Not in the clamor of the crowded street, not in the shouts and plaudits of the throng, but in ourselves, are triumph and defeat.--Henry Wadsworth Longfellow

REDIRECT ALERT! (Scroll down past this mess if you're trying to read an archived post. Thanks. No, really, thanks.)

Due to my inability to control my temper and complacently accept continued silliness with not-quite-as-reliable-as-it-ought-to-be Blogger/Blogspot, your beloved Possumblog will now waddle across the Information Dirt Road and park its prehensile tail at http://possumblog.mu.nu.

This site will remain in place as a backup in case Munuvia gets hit by a bus or something, but I don't think they have as much trouble with this as some places do. ::cough::blogspot::cough:: So click here and adjust your links. I apologize for the inconvenience, but it's one of those things.

Thursday, June 10, 2004

Literary Things

I swung by the library last night and picked up the last book I had on order, the autobiography of Louise Wooster, best known to the people of Birmingham as a madame who ran a brothel over on 1st Avenue South (still standing, though in disrepair and recently converted into a toney antiques shop called Jackson Galleries) and who made a name for herself by her unstinting care for the sick and dying during the Cholera Epidemic of 1873.

Published in 1911, just two years prior to her death, it is a fascinating glimpse into the late 19th Century. She seemed to have led a rather dramatic life filled with heartbreak--one surprise was found as I was thumbing through the book before actually settling in to read it. It seems that in her travels and occupations, she had become attached to the theater, and to a young actor:

[...] The war between the states had now begun, and all chance or hope of hearing from my sisters was thereby cut off.

I was madly in love with John Wilkes Booth. He was my ideal man, handsome, generous, affectionate, and brave. My love for him seemed be reciprocated. He was my idol. I nursed and cultivated that love, for we were never to part, he said. He had advised me to adopt the stage as a profession, to enter upon a theatrical career. Then we would always be together--no need of a separation ever again. Oh! how I loved him. [...]

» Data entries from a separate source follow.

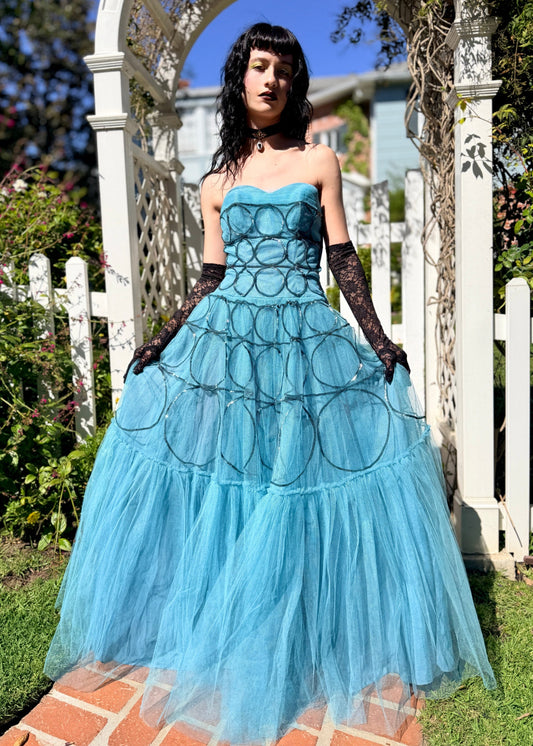 Glamorous Vintage late 1940’s/early 1950’s Strapless Tulle Ball Gown with Hand Sewn Silver Sequin Appliqué - One of One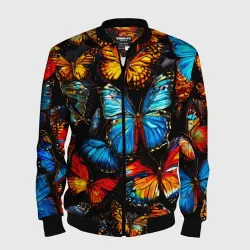 Мужской бомбер 3D Куча бабочек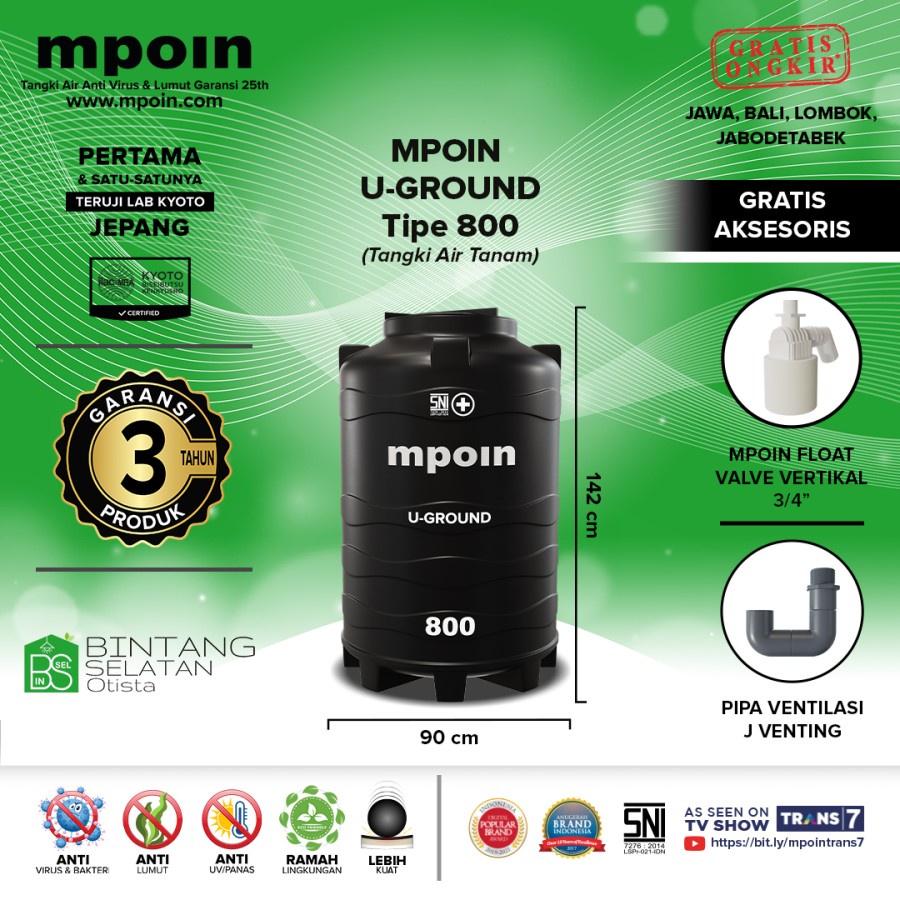 MPOIN TANGKI TOREN TANAM / PENDAM TANDON AIR / KIMIA 700LTR GARANSI - TANGKI AIR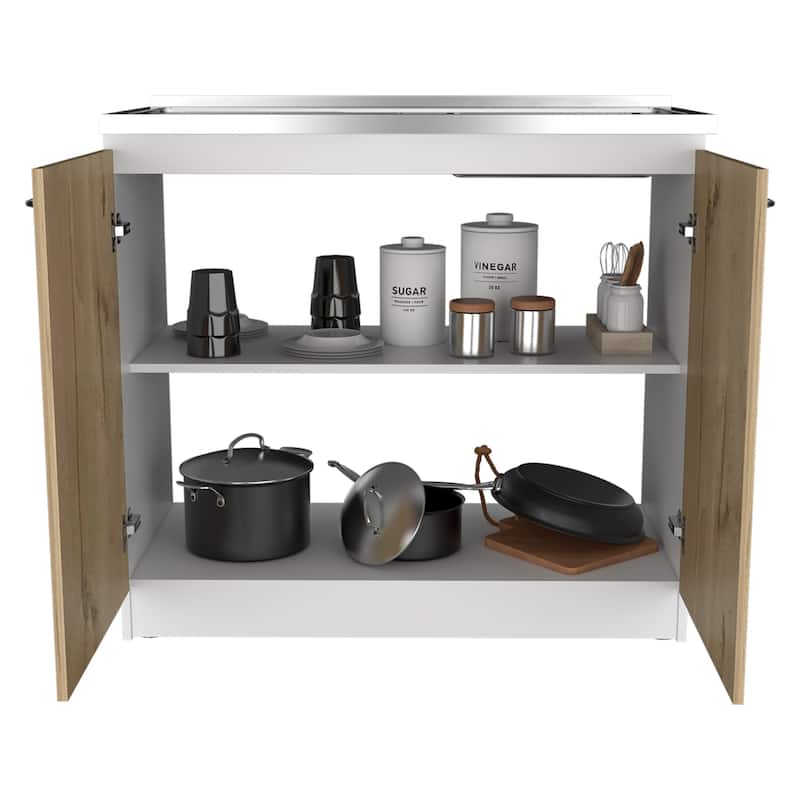 Utility Sink for Kitchen, Dining Room,White / Light Oak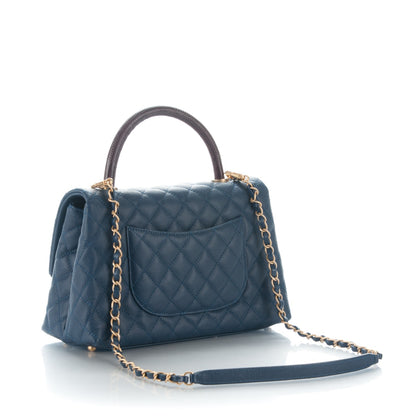 Chanel Caviar Lizard Quilted Small Coco Handle Flap Navy 4 of 8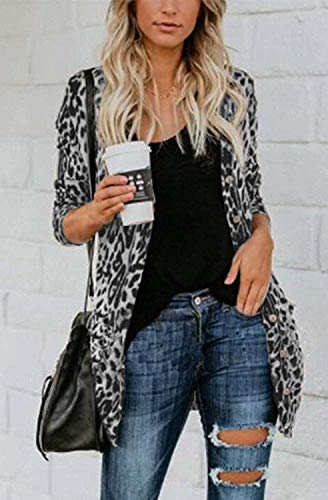 QegarTop Lightweight Cardigan with Pockets Leopard Shirt Casual Open Front Cardigan White XL - Image 3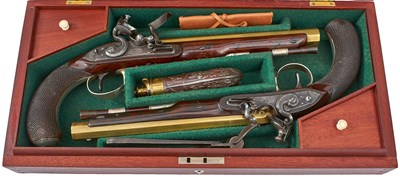 Lot A LATER CASED PAIR OF CRISP 20-BORE FLINTLOCK SILVER MOUNTED OFFICER'S PISTOLS BY WILSON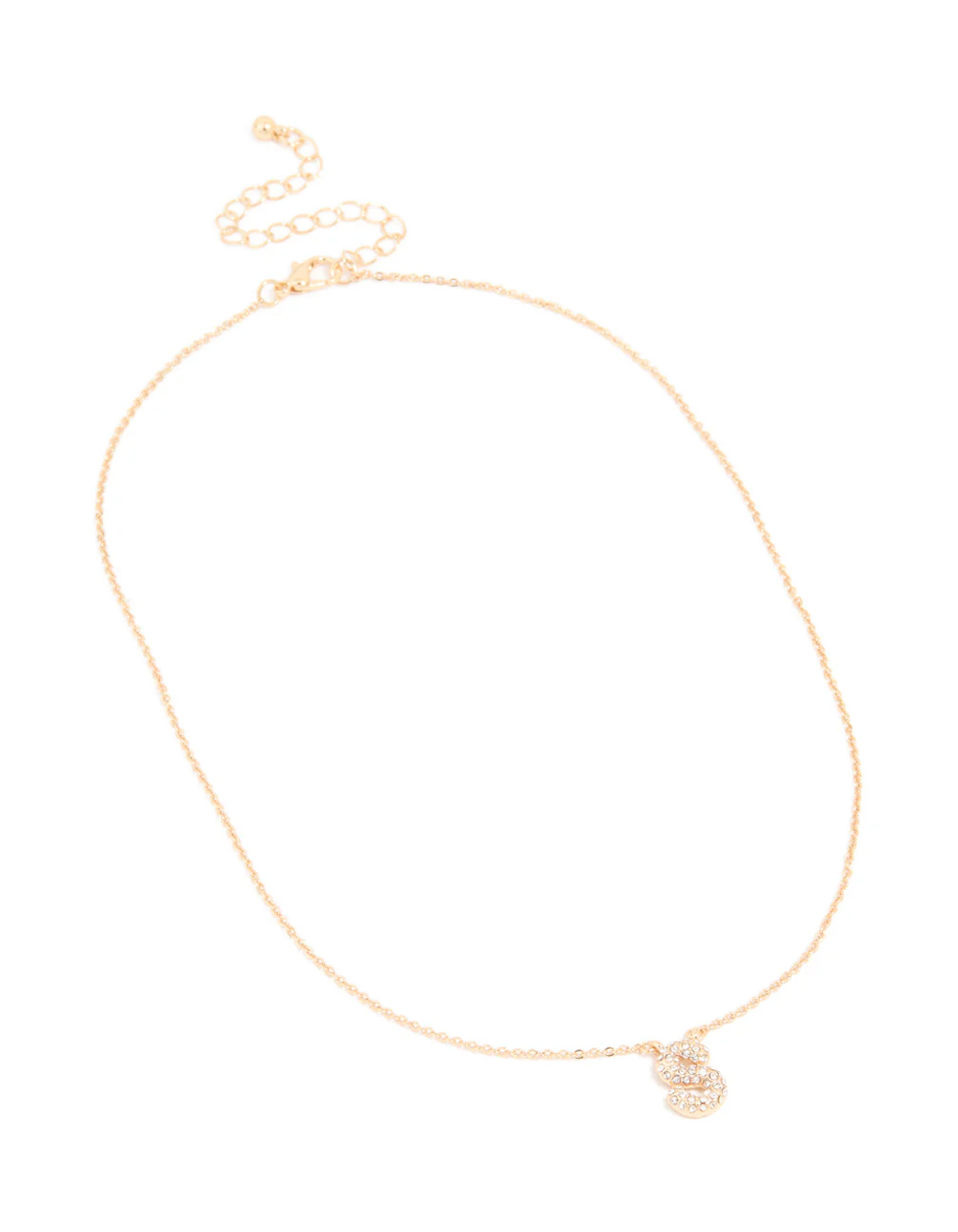 Kids Gold Cubic Zirconia Letter S Necklace - Image 3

Yep, that's right. Later on, she laments his madness, and that he had professed a love for the Union, and attributing his act to being under the influence of alcohol. She also notes that her name became connected with him in the newspapers:

[...] Much has been written of the capture and death of Wilkes Booth, many false things were said of him soon after his reported capture and death; a book was published called 'The Life of Wilkes Booth'. I, of course, read it, and was surprised to read in it that 'the woman who was in love with him and whom he had tired of, in a fit of jealousy had stabbed him and came near killing him'. There is not one word of truth in that. I am the woman that loved him and I believe he loved me. [...]

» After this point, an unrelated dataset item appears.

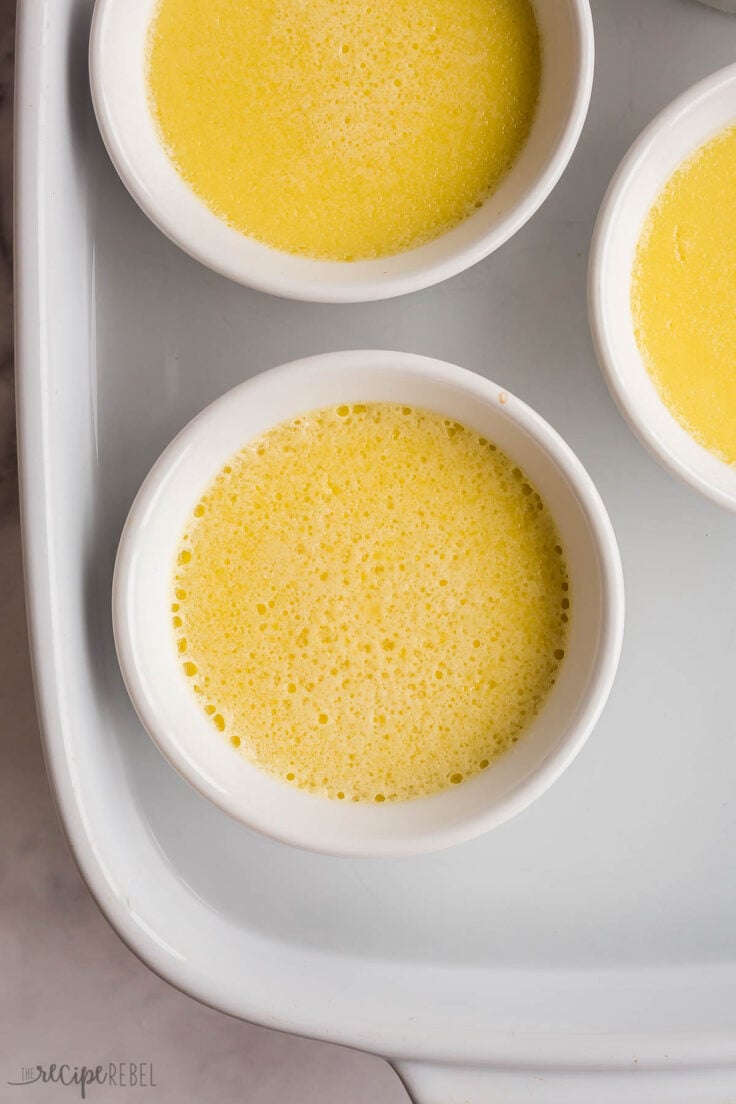 top view of a baked custard after cooking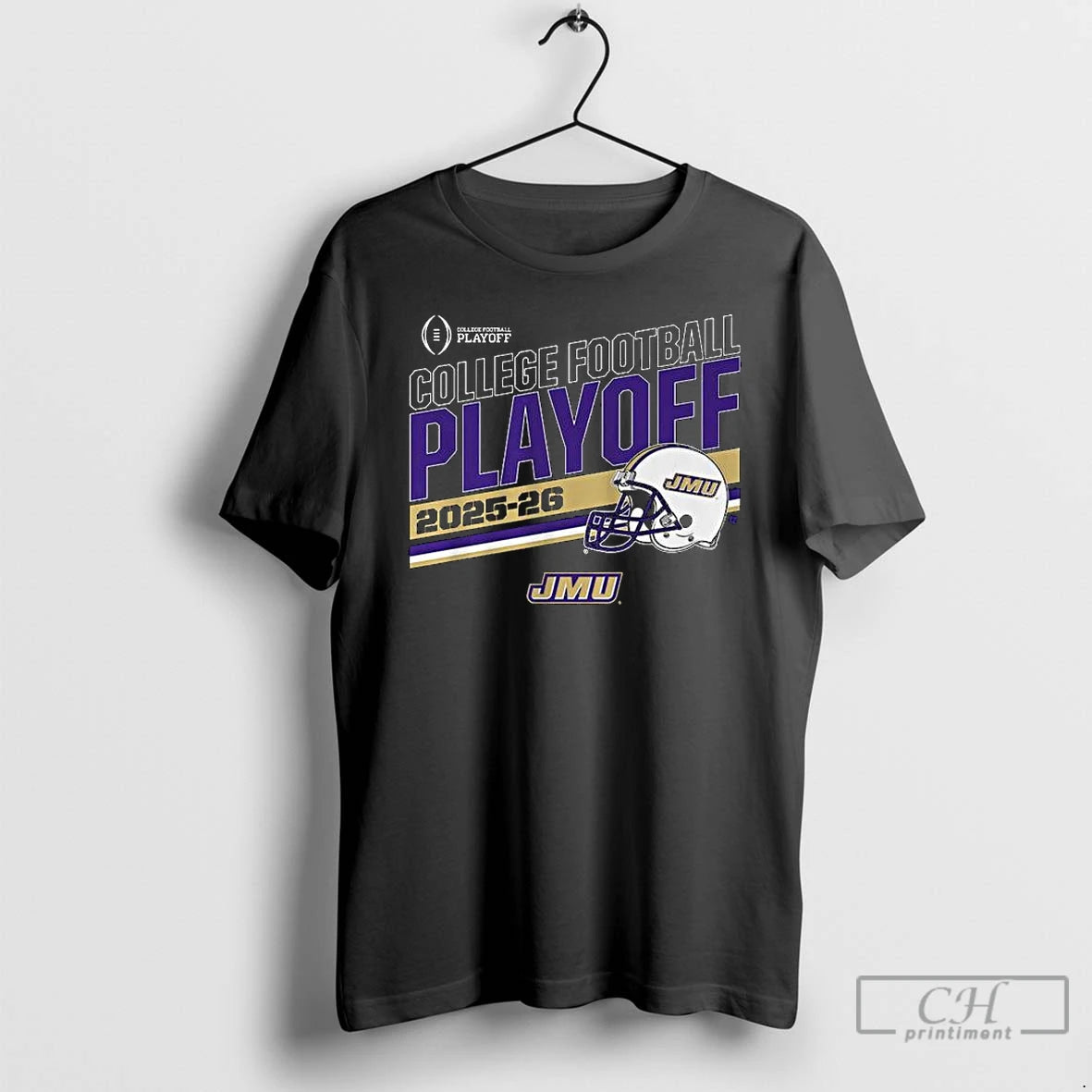 Classic Jmu Football 2025 Cfp Stripe T-Shirts, Hoodie, Sweatshirt | PrintMintTees.com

I have had more newspaper notoriety in connection with Wilkes Booth than any woman on earth. Column after column has been published about me--some truths, but many lies. He was never married as some newspapers would have him. I have been interviewed and misquoted until I have been made heart sick. I have become indignant with reporters of papers, while they seemed surprised at my annoyance and would observe: 'Why, any one ought to feel complimented and take pride in being so written up'. [...]

Good to see journalistic traditions are still being upheld today, eh?

Anyway, this promises to be a fascinating read.

(And if she knew anything about Lucy Hale, she didn't let on. And this article says the woman who stabbed Booth was actress Henrietta Irving, in 1861. It also notes he had photographs of five women on him when he was caught. ::sigh:: Actors.)